Celle-ci a en effet développé ce qu’elle appelle une ethics of care ou morale de la sollicitude, dont elle a cherché à montrer qu’elle pourrait inspirer nos pratiques, notamment scolaire, d’éducation morale. Pour aller ici à l’essentiel, disons qu’à l’encontre des éthiques déontologiques ou utilitaristes classiques, qui cherchent le fondement de la moralité dans le respect d’un norme rationnelle universelle (morale déontologique) ou dans un calcul rationnel des conséquences des actions envisagées (utilitarisme), l’éthique de la sollicitude nous invite à penser qu’au fondement de la morale, il y a d’abord cette expérience (et sa mémoire) d’avoir été objet de sollicitude. La relation de la mère et de son enfant constitue ici, on l’aura deviné, le cas exemplaire. Noddings souhaite bien entendu que cet esprit anime les relations qui existent dans les écoles. Mais il y a plus. Car cette perspective conduit aussi à critiquer la conception libérale classique de l’éducation en rappelant que les standards des disciplines intellectuelles constituent une version appauvrie de la rationalité humaine qui méconnaît la grande diversité des intérêts et talents et conduit à les négliger et à manquer de sollicitude envers les enfants. Se laisse alors deviner une vision neuve du curriculum, des méthodes d’enseignement et de finalités de l’éducation.

* * *

Il faut cependant le dire en terminant : comme le rappelle Martin, une vision claire de ce que devrait être l’éducation des garçons et des filles de la société à laquelle nous aspirons, une éducation qui les habilite tout à la fois à être des citoyens et citoyennes dignes de ce nom et des membres des familles qui composent cette société (et quoi qu’on veuille mettre sous cette catégorie de famille), bref une éducation aussi bien pour la vie privée que pour la vie publique, une telle vision reste encore très largement à définir.

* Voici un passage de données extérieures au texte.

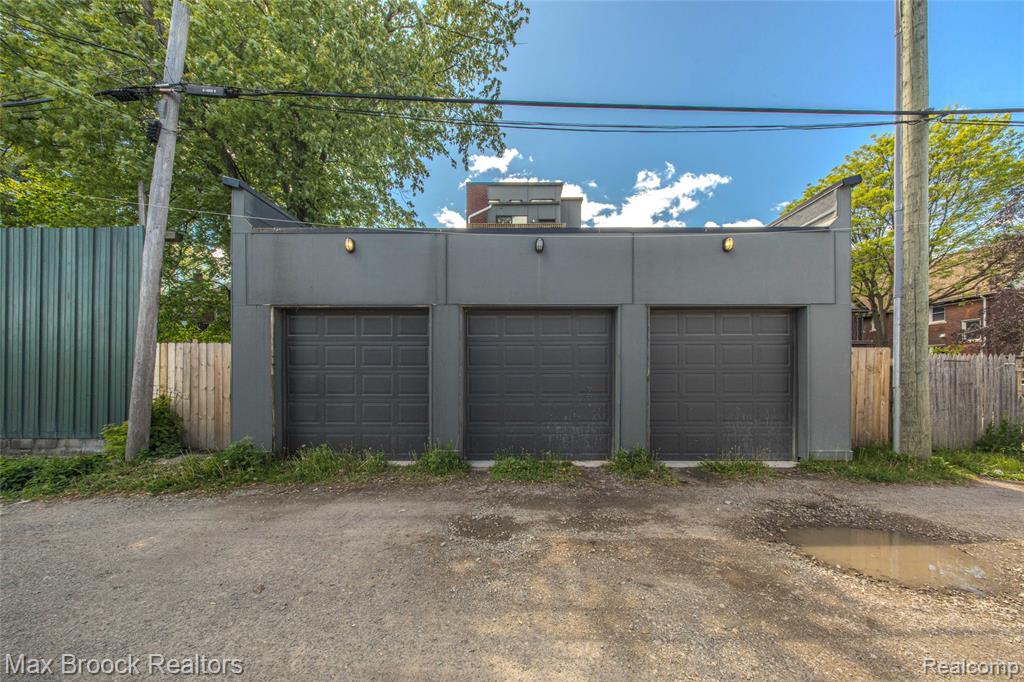 4530 Commonwealth Street, Detroit, MI 48208 — Photo 57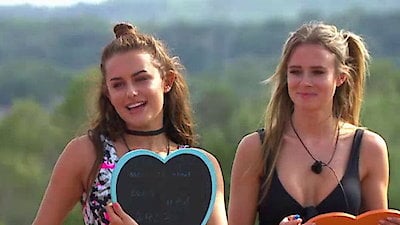 Love Island Season 3 Episode 42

Ce n’est pas le moindre mérite des théoriciennes féministes de l’éducation que de l’avoir fait remarquer.


[1Jane Roland Martin, Changing Educational Landscape : Philosophy, Women and The Curriculum, Routledge, New York, 1994.

[2Nel Noddings et A. Caring, Feminine Approach to Ethics and Moral Education, University of California Press, Berkeley, 1984.